Wetland − Am nächsten Morgen fahren wir in den Staat Louisiana ein. Der Interstate ist über weite Strecken auf Stelzen angelegt, um die riesige Sumpflandschaft überhaupt passierbar zu machen. Im Visitor Center erkundigen wir uns über Sehenswürdigkeiten in Louisiana und die aktuelle Lage in den von Katrina verwüsteten Küstenregionen. Wir erfahren, dass praktisch alle Strassen wieder offen sind. Wegen der Sicherheit bräuchten wir uns ebenfalls keine Sorgen zu machen, solange wir ein paar Regeln beachten. So werden wir wahrscheinlich New Orleans auslassen und je nach Ort in ein Motel ausweichen, anstatt im Auto zu pennen .

Unser erstes Ziel in Louisiana ist Lafayette. Hier verabreden wir uns für morgen mit einem Bootsführer für eine Sumpftour. An der Küste von Louisiana münden viele Flüsse, darunter der Mississippi, in den Golf von Mexiko und lassen grosse Flussdeltas entstehen. Nebenarme, die langsamer fliessen als der Hauptfluss oder solche, die ganz vom Hauptarm abgetrennt sind, nennt man Bayous. Sie sind der Lebensraum für viele verschiedene Arten von Vögeln, Aligatoren, Krebsen (crawfish) etc. Wir dürfen also gespannt sein auf den morgigen Ausflug...

 

Scharf − Den heutigen Tag überbrücken wir mit dem Besuch von Avery Island. Auf der kleinen Insel befindet sich der Firmensitz von McIlhenny Co, dem Hersteller der weltbekannten Tabascosaucen. Die Fabrik steht interessierten Besuchern offen. Zuerst bekommt man einen kurzen Film über die Geschichte der Insel und des Betriebs gezeigt. Danach erhält man Einblick in die Produktionsstätte. Leider stehen heute (Sonntag) die Maschinen und Fliessbänder still. Am Schluss des Rundgangs hat man im Showroom anhand von Ausstellungsgegenständen, historischen Dokumenten und verschiedenen Spielen nochmals die Möglichkeit, das Wissen über die Geschichte und Herstellung der Tabascosaucen zu vertiefen.

Die Firma McIlhenny Co wurde 1868 auf Avery Island gegründet und ist bis heute in Familienbesitz geblieben.
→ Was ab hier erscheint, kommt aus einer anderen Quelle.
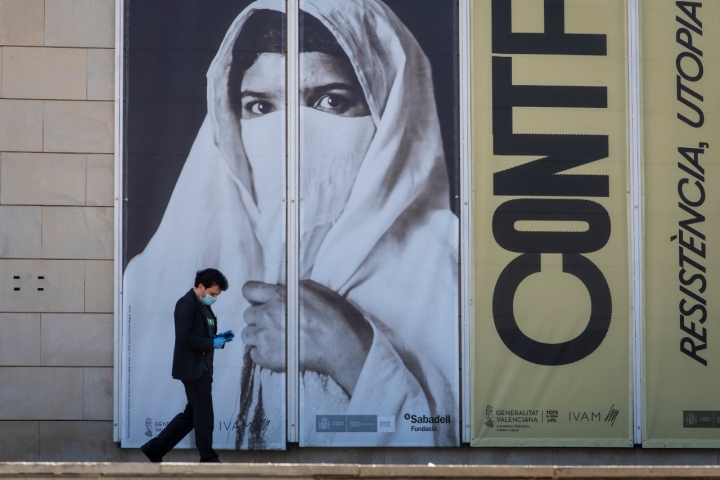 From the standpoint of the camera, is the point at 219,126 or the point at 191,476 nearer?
the point at 191,476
Der genaue Herstellungsprozess sowie die Rezeptur der original Tabasco Pepper Sauce ist ein streng gehütetes Firmengeheimnis. Bekannt ist, dass die Tabascosauce ausschliesslich aus Essig, zerstossenen, reifen Chilis und Salz ohne Zusatz von Konservierungsmitteln oder Farbstoffen hergestellt wird. Der besondere Geschmack der Sauce entwickelt sich durch den Fermentierungsprozess, den der Chilisud während seiner bis zu dreijährigen Lagerung in Eichenfässern durchmacht. Die für die Sauce verwendeten Chilis stammen von Pflanzen, deren Zucht der Firma unterliegt. Ein Teil wird direkt auf der Insel angebaut, die grössere Menge jedoch stammt aus Lateinamerika. Das verwendete Salz wird aus den Salzvorräten von Avery Island gewonnen.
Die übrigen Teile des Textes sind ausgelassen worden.